● Work order:
The material below must be restated exactly, line by line.

● Material shown:

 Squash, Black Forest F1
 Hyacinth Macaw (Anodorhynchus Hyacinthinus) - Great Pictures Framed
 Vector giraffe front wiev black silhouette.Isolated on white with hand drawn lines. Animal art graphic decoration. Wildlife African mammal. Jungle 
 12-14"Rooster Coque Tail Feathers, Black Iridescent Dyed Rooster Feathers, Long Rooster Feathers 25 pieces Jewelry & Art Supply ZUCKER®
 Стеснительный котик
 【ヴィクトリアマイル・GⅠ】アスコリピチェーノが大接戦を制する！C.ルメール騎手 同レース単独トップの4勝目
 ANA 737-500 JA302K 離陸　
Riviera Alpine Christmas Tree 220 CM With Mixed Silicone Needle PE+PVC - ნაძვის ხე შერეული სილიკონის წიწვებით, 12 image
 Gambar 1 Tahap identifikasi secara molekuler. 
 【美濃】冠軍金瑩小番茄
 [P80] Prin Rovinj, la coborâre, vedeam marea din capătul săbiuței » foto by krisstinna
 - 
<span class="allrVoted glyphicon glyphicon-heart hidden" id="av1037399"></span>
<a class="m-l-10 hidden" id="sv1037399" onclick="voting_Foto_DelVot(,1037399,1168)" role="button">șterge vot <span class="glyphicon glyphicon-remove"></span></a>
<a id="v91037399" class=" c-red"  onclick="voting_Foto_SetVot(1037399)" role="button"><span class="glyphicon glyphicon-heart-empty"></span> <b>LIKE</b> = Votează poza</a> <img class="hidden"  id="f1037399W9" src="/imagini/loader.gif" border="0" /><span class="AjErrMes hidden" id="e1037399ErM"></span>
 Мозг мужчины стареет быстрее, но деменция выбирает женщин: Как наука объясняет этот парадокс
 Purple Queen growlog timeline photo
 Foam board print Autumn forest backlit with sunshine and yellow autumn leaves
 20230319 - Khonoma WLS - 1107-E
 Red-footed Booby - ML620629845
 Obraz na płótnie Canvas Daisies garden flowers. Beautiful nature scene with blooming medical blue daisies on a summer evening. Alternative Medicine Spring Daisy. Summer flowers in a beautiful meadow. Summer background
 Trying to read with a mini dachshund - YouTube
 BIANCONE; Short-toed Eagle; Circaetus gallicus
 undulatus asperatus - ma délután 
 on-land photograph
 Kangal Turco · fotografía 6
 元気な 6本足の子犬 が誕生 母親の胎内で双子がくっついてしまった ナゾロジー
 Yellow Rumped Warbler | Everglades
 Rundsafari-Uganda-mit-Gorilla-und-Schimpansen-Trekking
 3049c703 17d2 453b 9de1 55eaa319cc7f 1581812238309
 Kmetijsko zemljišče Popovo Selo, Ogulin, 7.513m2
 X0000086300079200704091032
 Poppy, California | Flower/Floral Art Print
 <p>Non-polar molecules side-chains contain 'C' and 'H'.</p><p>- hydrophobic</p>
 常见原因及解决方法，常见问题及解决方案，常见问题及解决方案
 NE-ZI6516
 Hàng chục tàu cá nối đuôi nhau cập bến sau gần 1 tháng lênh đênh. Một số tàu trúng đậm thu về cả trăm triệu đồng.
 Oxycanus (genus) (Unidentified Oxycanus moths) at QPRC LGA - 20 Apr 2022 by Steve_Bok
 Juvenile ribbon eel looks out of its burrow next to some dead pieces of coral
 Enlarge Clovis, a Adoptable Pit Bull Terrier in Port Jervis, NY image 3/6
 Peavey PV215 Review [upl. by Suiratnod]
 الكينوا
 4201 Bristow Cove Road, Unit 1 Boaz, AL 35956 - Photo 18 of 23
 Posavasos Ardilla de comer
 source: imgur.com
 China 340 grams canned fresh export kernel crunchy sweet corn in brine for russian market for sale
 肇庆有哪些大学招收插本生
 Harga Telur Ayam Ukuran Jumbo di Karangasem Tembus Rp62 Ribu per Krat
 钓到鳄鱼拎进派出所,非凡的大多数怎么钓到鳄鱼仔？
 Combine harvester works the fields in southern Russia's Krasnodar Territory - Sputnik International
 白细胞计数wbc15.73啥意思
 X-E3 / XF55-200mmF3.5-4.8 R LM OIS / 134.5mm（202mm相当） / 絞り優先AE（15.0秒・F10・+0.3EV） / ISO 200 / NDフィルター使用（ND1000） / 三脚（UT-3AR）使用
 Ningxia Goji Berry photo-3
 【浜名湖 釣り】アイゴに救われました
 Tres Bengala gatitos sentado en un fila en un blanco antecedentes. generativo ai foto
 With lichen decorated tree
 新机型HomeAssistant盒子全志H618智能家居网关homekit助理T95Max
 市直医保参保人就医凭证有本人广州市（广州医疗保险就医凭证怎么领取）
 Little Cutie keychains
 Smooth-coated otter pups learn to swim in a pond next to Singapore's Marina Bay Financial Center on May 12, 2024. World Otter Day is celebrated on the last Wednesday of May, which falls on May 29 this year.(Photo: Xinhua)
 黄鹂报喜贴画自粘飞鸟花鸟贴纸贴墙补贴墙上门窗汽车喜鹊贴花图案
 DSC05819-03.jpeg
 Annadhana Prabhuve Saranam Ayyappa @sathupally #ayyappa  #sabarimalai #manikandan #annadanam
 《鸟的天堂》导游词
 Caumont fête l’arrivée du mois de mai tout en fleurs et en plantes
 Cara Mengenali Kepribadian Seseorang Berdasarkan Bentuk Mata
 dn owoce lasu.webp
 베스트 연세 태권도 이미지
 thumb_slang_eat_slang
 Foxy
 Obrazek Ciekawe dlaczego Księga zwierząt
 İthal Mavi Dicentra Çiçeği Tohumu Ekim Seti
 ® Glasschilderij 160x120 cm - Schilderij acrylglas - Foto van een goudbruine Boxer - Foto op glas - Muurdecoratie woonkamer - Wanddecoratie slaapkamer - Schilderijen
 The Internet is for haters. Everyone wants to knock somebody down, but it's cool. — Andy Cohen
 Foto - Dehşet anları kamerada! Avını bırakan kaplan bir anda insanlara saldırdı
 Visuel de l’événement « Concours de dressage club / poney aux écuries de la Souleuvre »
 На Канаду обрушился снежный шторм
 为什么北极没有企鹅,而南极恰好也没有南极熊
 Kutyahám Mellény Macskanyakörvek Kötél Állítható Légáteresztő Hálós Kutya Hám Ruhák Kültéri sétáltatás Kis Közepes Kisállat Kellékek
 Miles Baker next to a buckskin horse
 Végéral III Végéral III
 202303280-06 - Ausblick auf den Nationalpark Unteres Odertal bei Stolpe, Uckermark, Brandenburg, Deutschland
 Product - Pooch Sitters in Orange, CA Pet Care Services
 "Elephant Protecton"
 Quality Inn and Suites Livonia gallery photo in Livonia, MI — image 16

● Result:
 Squash, Black Forest F1
 Hyacinth Macaw (Anodorhynchus Hyacinthinus) - Great Pictures Framed
 Vector giraffe front wiev black silhouette.Isolated on white with hand drawn lines. Animal art graphic decoration. Wildlife African mammal. Jungle 
 12-14"Rooster Coque Tail Feathers, Black Iridescent Dyed Rooster Feathers, Long Rooster Feathers 25 pieces Jewelry & Art Supply ZUCKER®
 Стеснительный котик
 【ヴィクトリアマイル・GⅠ】アスコリピチェーノが大接戦を制する！C.ルメール騎手 同レース単独トップの4勝目
 ANA 737-500 JA302K 離陸　
Riviera Alpine Christmas Tree 220 CM With Mixed Silicone Needle PE+PVC - ნაძვის ხე შერეული სილიკონის წიწვებით, 12 image
 Gambar 1 Tahap identifikasi secara molekuler. 
 【美濃】冠軍金瑩小番茄
 [P80] Prin Rovinj, la coborâre, vedeam marea din capătul săbiuței » foto by krisstinna
 - 
<span class="allrVoted glyphicon glyphicon-heart hidden" id="av1037399"></span>
<a class="m-l-10 hidden" id="sv1037399" onclick="voting_Foto_DelVot(,1037399,1168)" role="button">șterge vot <span class="glyphicon glyphicon-remove"></span></a>
<a id="v91037399" class=" c-red"  onclick="voting_Foto_SetVot(1037399)" role="button"><span class="glyphicon glyphicon-heart-empty"></span> <b>LIKE</b> = Votează poza</a> <img class="hidden"  id="f1037399W9" src="/imagini/loader.gif" border="0" /><span class="AjErrMes hidden" id="e1037399ErM"></span>
 Мозг мужчины стареет быстрее, но деменция выбирает женщин: Как наука объясняет этот парадокс
 Purple Queen growlog timeline photo
 Foam board print Autumn forest backlit with sunshine and yellow autumn leaves
 20230319 - Khonoma WLS - 1107-E
 Red-footed Booby - ML620629845
 Obraz na płótnie Canvas Daisies garden flowers. Beautiful nature scene with blooming medical blue daisies on a summer evening. Alternative Medicine Spring Daisy. Summer flowers in a beautiful meadow. Summer background
 Trying to read with a mini dachshund - YouTube
 BIANCONE; Short-toed Eagle; Circaetus gallicus
 undulatus asperatus - ma délután 
 on-land photograph
 Kangal Turco · fotografía 6
 元気な 6本足の子犬 が誕生 母親の胎内で双子がくっついてしまった ナゾロジー
 Yellow Rumped Warbler | Everglades
 Rundsafari-Uganda-mit-Gorilla-und-Schimpansen-Trekking
 3049c703 17d2 453b 9de1 55eaa319cc7f 1581812238309
 Kmetijsko zemljišče Popovo Selo, Ogulin, 7.513m2
 X0000086300079200704091032
 Poppy, California | Flower/Floral Art Print
 <p>Non-polar molecules side-chains contain 'C' and 'H'.</p><p>- hydrophobic</p>
 常见原因及解决方法，常见问题及解决方案，常见问题及解决方案
 NE-ZI6516
 Hàng chục tàu cá nối đuôi nhau cập bến sau gần 1 tháng lênh đênh. Một số tàu trúng đậm thu về cả trăm triệu đồng.
 Oxycanus (genus) (Unidentified Oxycanus moths) at QPRC LGA - 20 Apr 2022 by Steve_Bok
 Juvenile ribbon eel looks out of its burrow next to some dead pieces of coral
 Enlarge Clovis, a Adoptable Pit Bull Terrier in Port Jervis, NY image 3/6
 Peavey PV215 Review [upl. by Suiratnod]
 الكينوا
 4201 Bristow Cove Road, Unit 1 Boaz, AL 35956 - Photo 18 of 23
 Posavasos Ardilla de comer
 source: imgur.com
 China 340 grams canned fresh export kernel crunchy sweet corn in brine for russian market for sale
 肇庆有哪些大学招收插本生
 Harga Telur Ayam Ukuran Jumbo di Karangasem Tembus Rp62 Ribu per Krat
 钓到鳄鱼拎进派出所,非凡的大多数怎么钓到鳄鱼仔？
 Combine harvester works the fields in southern Russia's Krasnodar Territory - Sputnik International
 白细胞计数wbc15.73啥意思
 X-E3 / XF55-200mmF3.5-4.8 R LM OIS / 134.5mm（202mm相当） / 絞り優先AE（15.0秒・F10・+0.3EV） / ISO 200 / NDフィルター使用（ND1000） / 三脚（UT-3AR）使用
 Ningxia Goji Berry photo-3
 【浜名湖 釣り】アイゴに救われました
 Tres Bengala gatitos sentado en un fila en un blanco antecedentes. generativo ai foto
 With lichen decorated tree
 新机型HomeAssistant盒子全志H618智能家居网关homekit助理T95Max
 市直医保参保人就医凭证有本人广州市（广州医疗保险就医凭证怎么领取）
 Little Cutie keychains
 Smooth-coated otter pups learn to swim in a pond next to Singapore's Marina Bay Financial Center on May 12, 2024. World Otter Day is celebrated on the last Wednesday of May, which falls on May 29 this year.(Photo: Xinhua)
 黄鹂报喜贴画自粘飞鸟花鸟贴纸贴墙补贴墙上门窗汽车喜鹊贴花图案
 DSC05819-03.jpeg
 Annadhana Prabhuve Saranam Ayyappa @sathupally #ayyappa  #sabarimalai #manikandan #annadanam
 《鸟的天堂》导游词
 Caumont fête l’arrivée du mois de mai tout en fleurs et en plantes
 Cara Mengenali Kepribadian Seseorang Berdasarkan Bentuk Mata
 dn owoce lasu.webp
 베스트 연세 태권도 이미지
 thumb_slang_eat_slang
 Foxy
 Obrazek Ciekawe dlaczego Księga zwierząt
 İthal Mavi Dicentra Çiçeği Tohumu Ekim Seti
 ® Glasschilderij 160x120 cm - Schilderij acrylglas - Foto van een goudbruine Boxer - Foto op glas - Muurdecoratie woonkamer - Wanddecoratie slaapkamer - Schilderijen
 The Internet is for haters. Everyone wants to knock somebody down, but it's cool. — Andy Cohen
 Foto - Dehşet anları kamerada! Avını bırakan kaplan bir anda insanlara saldırdı
 Visuel de l’événement « Concours de dressage club / poney aux écuries de la Souleuvre »
 На Канаду обрушился снежный шторм
 为什么北极没有企鹅,而南极恰好也没有南极熊
 Kutyahám Mellény Macskanyakörvek Kötél Állítható Légáteresztő Hálós Kutya Hám Ruhák Kültéri sétáltatás Kis Közepes Kisállat Kellékek
 Miles Baker next to a buckskin horse
 Végéral III Végéral III
 202303280-06 - Ausblick auf den Nationalpark Unteres Odertal bei Stolpe, Uckermark, Brandenburg, Deutschland
 Product - Pooch Sitters in Orange, CA Pet Care Services
 "Elephant Protecton"
 Quality Inn and Suites Livonia gallery photo in Livonia, MI — image 16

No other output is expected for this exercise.